### What to work on:
Any pictures in the records below must be left out when you repeat the lines from the line containing "Poster - Close-up" through the line containing "kwmobile Case kompatibel" exactly.

### Data records:
======

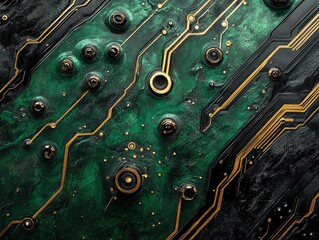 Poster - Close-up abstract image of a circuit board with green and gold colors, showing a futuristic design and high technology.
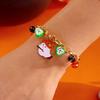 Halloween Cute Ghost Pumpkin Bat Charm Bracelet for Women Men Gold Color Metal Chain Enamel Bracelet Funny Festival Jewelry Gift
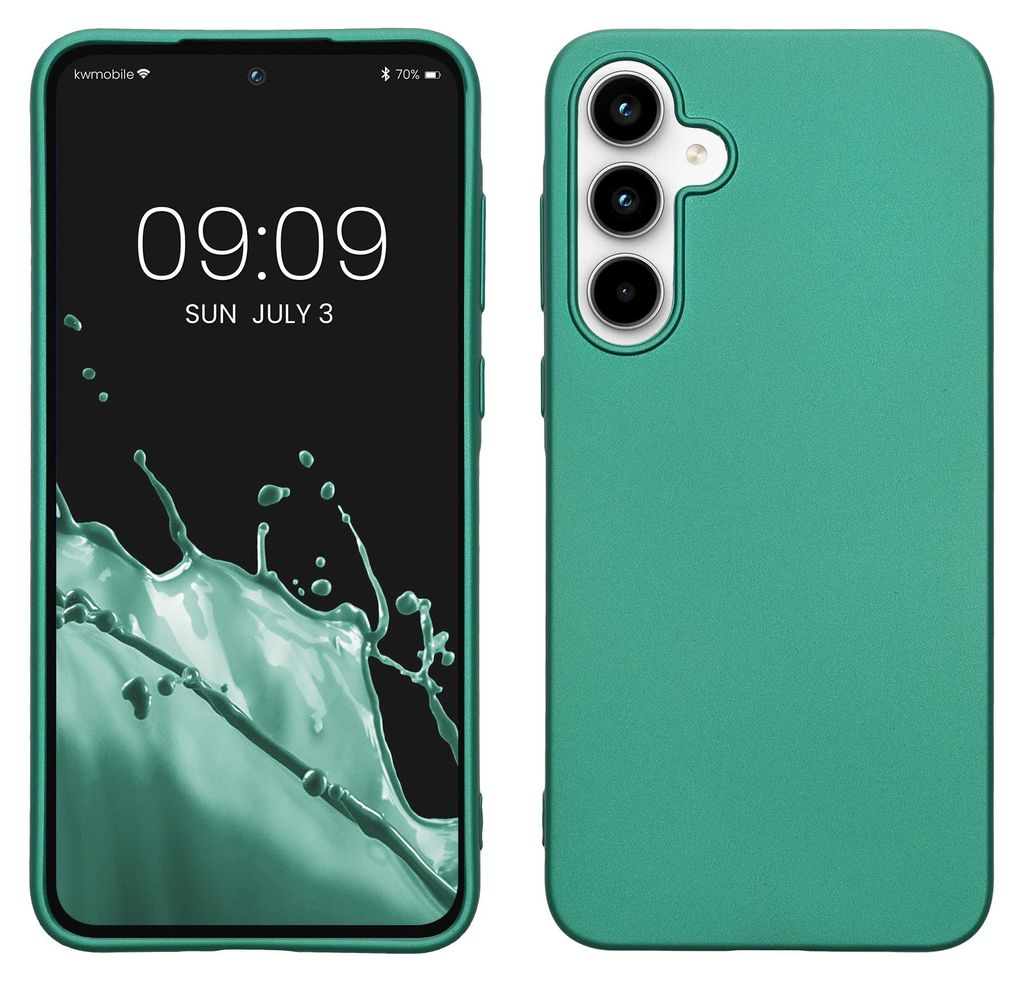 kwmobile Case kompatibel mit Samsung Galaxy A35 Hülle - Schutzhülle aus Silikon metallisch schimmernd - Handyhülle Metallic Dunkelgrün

======

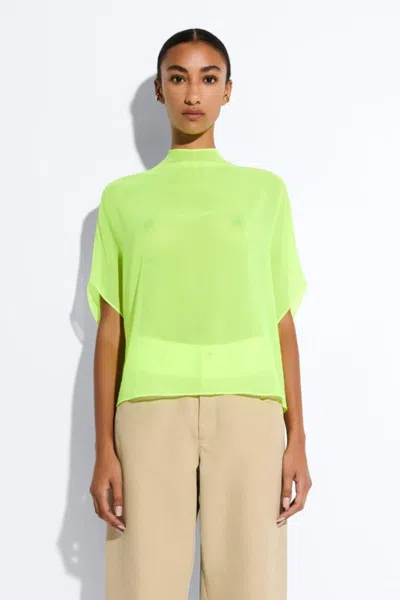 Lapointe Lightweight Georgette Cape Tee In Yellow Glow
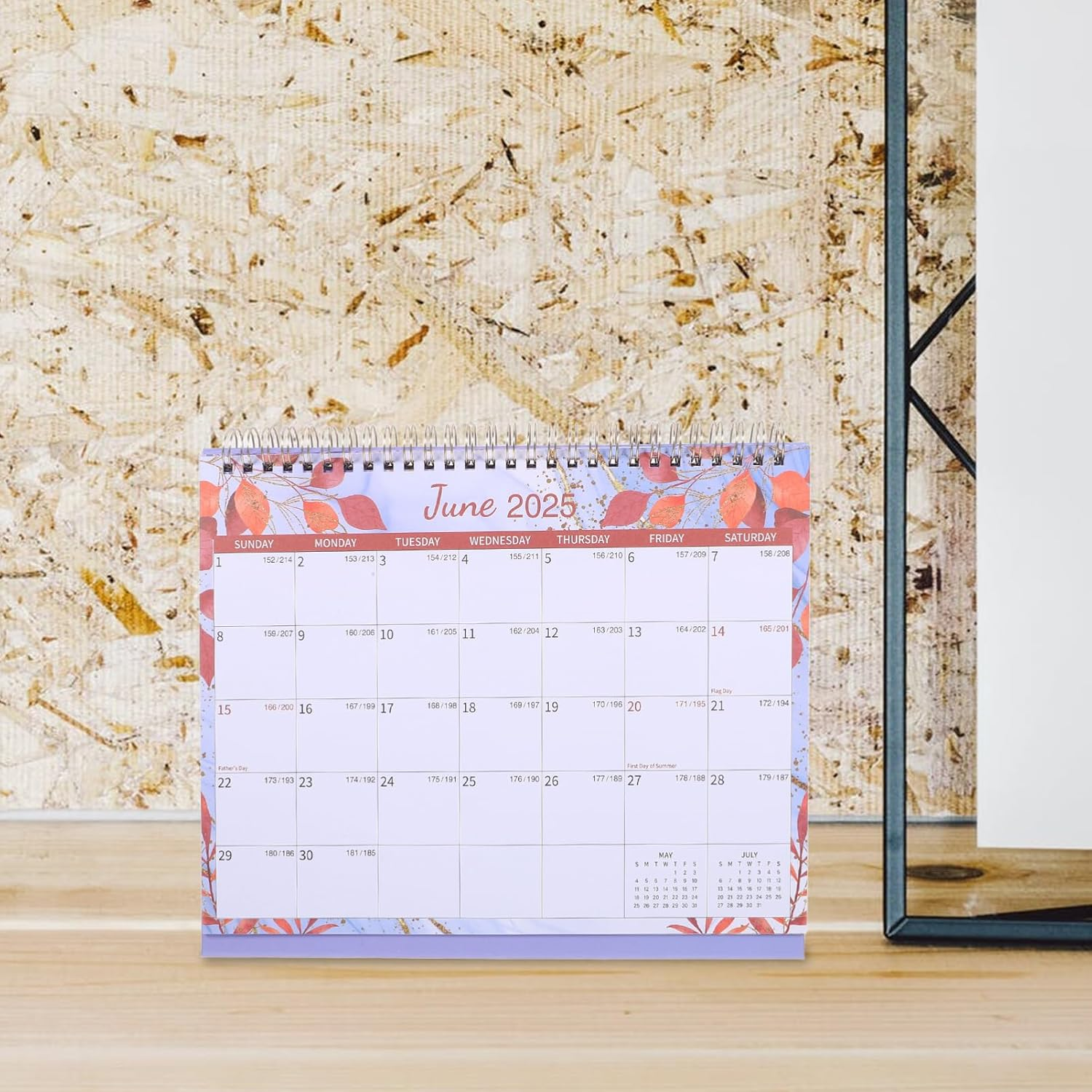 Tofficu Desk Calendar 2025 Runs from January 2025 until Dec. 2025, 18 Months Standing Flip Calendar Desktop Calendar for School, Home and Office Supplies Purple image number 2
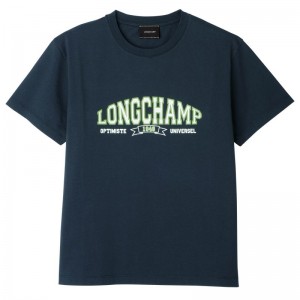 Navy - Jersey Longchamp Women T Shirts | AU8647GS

======

### Reply:
 Poster - Close-up abstract image of a circuit board with green and gold colors, showing a futuristic design and high technology.
 Halloween Cute Ghost Pumpkin Bat Charm Bracelet for Women Men Gold Color Metal Chain Enamel Bracelet Funny Festival Jewelry Gift
 kwmobile Case kompatibel mit Samsung Galaxy A35 Hülle - Schutzhülle aus Silikon metallisch schimmernd - Handyhülle Metallic Dunkelgrün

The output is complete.